▶ [Exercise description] Copy each line of the listing that includes "Leather".

▶ [Exercise input]
§ §

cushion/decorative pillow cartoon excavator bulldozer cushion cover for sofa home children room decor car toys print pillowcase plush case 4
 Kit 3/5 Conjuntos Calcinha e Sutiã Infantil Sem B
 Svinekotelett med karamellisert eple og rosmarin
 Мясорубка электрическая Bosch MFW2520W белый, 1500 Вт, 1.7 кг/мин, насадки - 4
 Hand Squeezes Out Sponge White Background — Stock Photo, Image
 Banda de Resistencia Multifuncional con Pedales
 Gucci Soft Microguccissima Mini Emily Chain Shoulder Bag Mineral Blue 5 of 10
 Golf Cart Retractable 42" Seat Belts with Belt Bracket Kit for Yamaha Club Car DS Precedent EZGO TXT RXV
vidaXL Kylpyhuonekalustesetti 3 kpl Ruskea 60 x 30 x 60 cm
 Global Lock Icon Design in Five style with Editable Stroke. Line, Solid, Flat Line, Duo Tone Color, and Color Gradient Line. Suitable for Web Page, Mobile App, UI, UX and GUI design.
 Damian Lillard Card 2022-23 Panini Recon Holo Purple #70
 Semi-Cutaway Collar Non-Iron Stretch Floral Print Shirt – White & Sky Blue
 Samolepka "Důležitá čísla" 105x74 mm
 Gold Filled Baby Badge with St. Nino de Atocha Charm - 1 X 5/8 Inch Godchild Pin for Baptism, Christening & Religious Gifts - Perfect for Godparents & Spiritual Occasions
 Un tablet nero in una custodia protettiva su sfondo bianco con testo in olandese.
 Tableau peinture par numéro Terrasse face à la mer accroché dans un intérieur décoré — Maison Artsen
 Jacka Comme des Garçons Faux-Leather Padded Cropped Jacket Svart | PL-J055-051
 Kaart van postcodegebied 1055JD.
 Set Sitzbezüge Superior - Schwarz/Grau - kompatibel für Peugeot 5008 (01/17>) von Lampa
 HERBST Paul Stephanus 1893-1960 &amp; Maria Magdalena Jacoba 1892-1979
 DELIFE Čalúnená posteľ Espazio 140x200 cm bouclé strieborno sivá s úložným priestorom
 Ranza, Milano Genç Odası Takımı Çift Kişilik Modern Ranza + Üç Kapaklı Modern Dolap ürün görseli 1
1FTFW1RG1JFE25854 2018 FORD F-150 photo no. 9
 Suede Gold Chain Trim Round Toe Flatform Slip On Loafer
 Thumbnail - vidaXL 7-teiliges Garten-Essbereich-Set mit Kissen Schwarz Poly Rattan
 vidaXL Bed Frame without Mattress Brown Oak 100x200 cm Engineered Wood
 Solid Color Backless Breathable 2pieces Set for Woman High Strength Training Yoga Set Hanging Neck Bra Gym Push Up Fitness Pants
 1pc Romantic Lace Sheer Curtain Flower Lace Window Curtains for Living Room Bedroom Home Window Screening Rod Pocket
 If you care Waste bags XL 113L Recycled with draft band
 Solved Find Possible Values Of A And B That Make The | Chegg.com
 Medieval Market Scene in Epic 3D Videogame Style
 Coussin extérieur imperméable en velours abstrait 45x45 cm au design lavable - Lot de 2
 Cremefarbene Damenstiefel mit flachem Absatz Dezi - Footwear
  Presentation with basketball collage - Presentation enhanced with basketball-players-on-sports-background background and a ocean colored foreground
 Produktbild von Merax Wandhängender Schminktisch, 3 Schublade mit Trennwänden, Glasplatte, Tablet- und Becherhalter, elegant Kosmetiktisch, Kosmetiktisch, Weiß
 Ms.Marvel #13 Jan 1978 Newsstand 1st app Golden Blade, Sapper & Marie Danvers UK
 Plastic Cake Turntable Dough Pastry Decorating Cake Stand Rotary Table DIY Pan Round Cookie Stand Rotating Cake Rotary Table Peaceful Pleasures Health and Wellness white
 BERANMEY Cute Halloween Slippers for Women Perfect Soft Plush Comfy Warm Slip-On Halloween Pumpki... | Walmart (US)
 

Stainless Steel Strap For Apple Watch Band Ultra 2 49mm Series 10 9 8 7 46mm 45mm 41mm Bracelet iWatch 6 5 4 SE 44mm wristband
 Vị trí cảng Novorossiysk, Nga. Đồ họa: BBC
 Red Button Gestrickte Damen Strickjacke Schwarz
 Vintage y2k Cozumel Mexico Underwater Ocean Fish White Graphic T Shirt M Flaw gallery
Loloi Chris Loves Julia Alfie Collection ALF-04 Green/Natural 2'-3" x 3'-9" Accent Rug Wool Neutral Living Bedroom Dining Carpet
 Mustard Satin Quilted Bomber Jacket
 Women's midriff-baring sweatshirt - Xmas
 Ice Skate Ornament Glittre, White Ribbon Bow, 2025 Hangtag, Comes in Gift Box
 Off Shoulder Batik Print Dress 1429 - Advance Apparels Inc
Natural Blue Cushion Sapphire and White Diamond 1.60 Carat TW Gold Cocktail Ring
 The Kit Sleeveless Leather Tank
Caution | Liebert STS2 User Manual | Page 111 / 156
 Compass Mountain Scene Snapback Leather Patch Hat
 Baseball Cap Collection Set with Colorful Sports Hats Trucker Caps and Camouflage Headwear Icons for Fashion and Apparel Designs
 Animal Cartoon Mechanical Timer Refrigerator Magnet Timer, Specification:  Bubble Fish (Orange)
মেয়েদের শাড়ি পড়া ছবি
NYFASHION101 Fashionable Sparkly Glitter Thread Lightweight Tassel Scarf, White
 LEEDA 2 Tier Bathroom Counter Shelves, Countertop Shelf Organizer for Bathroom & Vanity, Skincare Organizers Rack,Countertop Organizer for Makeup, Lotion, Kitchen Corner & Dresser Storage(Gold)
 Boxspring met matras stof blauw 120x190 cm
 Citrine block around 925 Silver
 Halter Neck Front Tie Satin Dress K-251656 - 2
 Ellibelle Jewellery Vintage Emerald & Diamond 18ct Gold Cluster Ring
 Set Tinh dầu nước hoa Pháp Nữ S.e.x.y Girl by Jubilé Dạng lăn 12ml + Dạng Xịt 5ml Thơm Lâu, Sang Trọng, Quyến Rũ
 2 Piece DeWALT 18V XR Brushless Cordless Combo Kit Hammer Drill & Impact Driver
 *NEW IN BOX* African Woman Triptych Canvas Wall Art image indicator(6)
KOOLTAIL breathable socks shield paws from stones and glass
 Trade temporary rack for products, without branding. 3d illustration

§ §

▶ [Answer section]
 Jacka Comme des Garçons Faux-Leather Padded Cropped Jacket Svart | PL-J055-051
 The Kit Sleeveless Leather Tank
 Compass Mountain Scene Snapback Leather Patch Hat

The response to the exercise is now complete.